Report every line of the records that contains the word "Black".

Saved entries
----
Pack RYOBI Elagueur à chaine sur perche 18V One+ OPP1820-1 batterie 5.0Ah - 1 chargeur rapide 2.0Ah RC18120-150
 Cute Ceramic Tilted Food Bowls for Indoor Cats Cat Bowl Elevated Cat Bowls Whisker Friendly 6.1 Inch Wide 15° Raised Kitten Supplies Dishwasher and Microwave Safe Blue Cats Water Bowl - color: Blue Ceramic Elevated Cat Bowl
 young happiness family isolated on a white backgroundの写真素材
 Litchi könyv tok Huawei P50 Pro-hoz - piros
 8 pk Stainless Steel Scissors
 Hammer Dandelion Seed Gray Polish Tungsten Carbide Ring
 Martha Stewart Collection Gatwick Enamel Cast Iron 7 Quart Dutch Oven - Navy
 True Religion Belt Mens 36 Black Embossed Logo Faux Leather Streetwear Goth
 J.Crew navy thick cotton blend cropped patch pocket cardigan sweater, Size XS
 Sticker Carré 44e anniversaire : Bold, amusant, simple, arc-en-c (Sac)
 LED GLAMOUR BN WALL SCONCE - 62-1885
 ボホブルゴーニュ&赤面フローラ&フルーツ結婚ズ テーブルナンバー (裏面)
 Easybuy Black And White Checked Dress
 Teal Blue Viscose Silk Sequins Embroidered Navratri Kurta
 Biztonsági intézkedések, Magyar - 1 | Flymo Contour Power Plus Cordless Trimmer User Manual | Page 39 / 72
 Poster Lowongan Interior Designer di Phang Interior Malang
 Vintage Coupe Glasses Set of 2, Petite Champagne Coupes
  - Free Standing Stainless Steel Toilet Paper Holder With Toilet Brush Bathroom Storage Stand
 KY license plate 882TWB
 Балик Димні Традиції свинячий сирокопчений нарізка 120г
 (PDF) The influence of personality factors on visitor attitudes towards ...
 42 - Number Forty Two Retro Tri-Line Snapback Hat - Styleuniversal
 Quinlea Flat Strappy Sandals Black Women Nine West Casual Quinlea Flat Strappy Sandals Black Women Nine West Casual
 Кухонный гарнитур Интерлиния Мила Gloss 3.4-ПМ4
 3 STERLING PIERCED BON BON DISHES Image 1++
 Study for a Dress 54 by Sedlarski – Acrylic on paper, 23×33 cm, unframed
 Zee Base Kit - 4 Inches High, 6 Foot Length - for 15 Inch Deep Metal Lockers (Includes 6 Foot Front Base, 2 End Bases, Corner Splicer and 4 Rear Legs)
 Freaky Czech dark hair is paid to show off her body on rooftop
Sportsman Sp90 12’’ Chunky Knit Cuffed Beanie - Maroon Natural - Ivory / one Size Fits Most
----
ANSWER TO THIS EXERCISE:
 True Religion Belt Mens 36 Black Embossed Logo Faux Leather Streetwear Goth
 Easybuy Black And White Checked Dress
 Quinlea Flat Strappy Sandals Black Women Nine West Casual Quinlea Flat Strappy Sandals Black Women Nine West Casual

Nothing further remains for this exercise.